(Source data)
Content starts
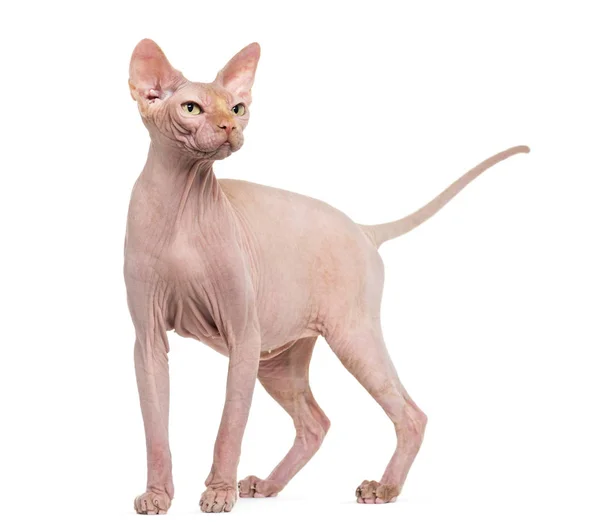 Sphynx, 4 år gammal, mot vit bakgrund — Stockfoto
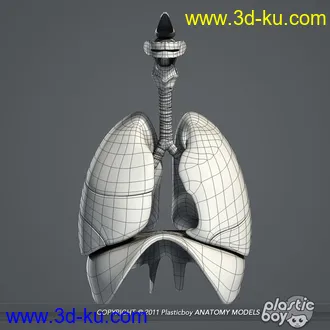 人体器官模型,男女人物解剖模型,人类肌肉骨骼神经内脏模型,maya,max,c4d的图片86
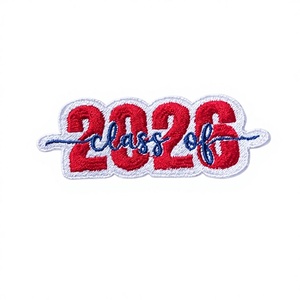 Factory Custom Glitter Aufbügeln Stick aufnäher Hot Selling Disney park Logo Chenille Aufnäher Gestickter Stoffs til - Product Image 3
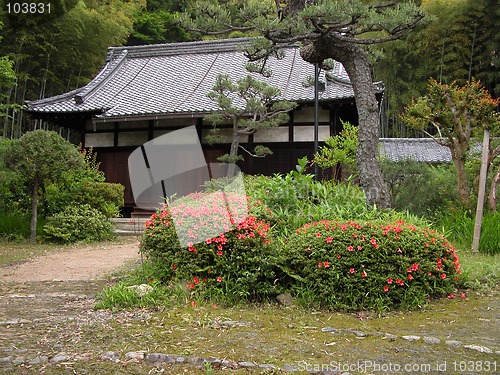 Image of Rustic Japanese yard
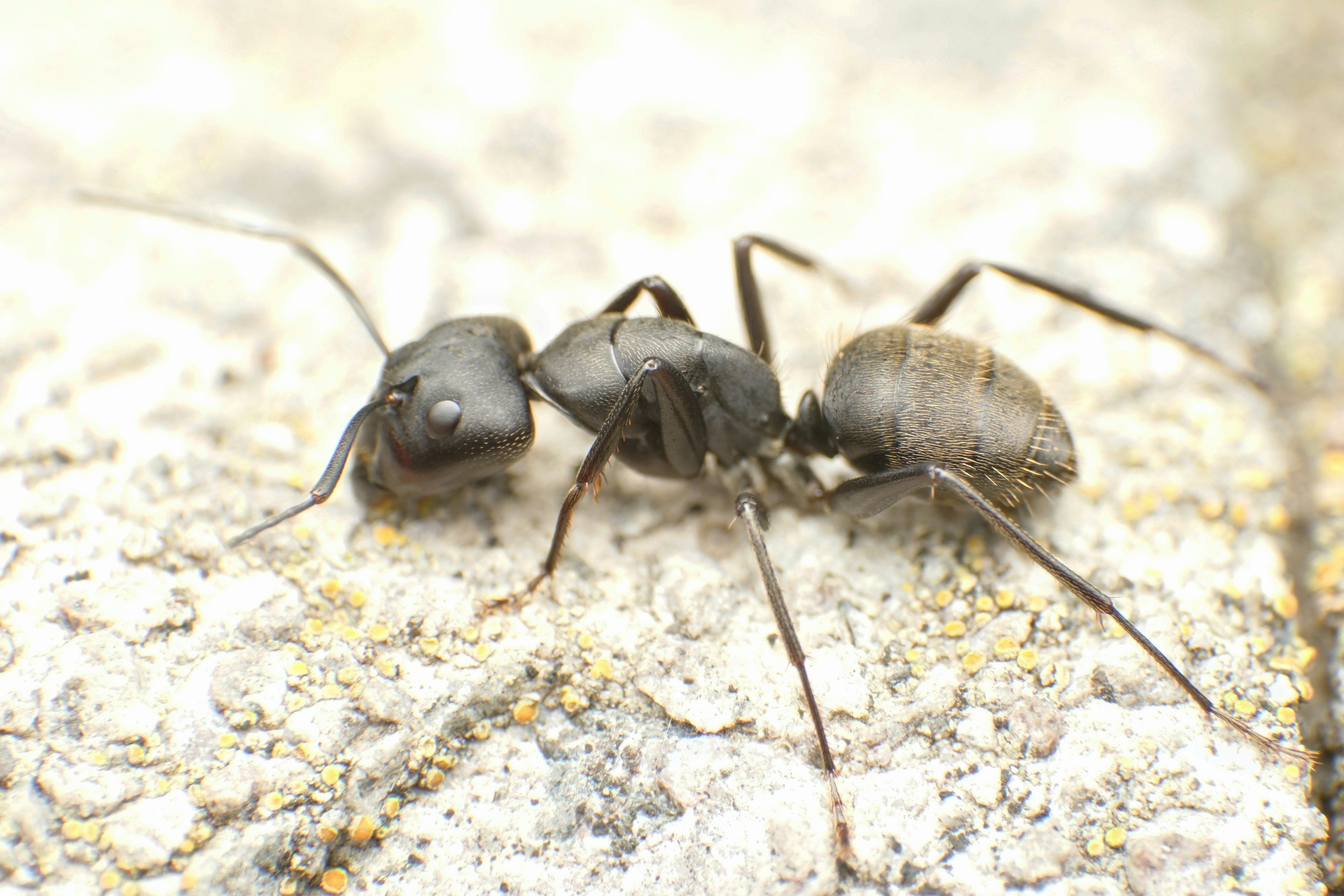 đàn kiến Camponotus đang bò trên nền cát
Content ends
§ Exercise aim: The expected output is every entry, retyped exactly, with all pictures removed.

§ Solution to this problem:
 Sphynx, 4 år gammal, mot vit bakgrund — Stockfoto
 人体器官模型,男女人物解剖模型,人类肌肉骨骼神经内脏模型,maya,max,c4d的图片86
 Factory Custom Glitter Aufbügeln Stick aufnäher Hot Selling Disney park Logo Chenille Aufnäher Gestickter Stoffs til - Product Image 3
 Image of Rustic Japanese yard
 đàn kiến Camponotus đang bò trên nền cát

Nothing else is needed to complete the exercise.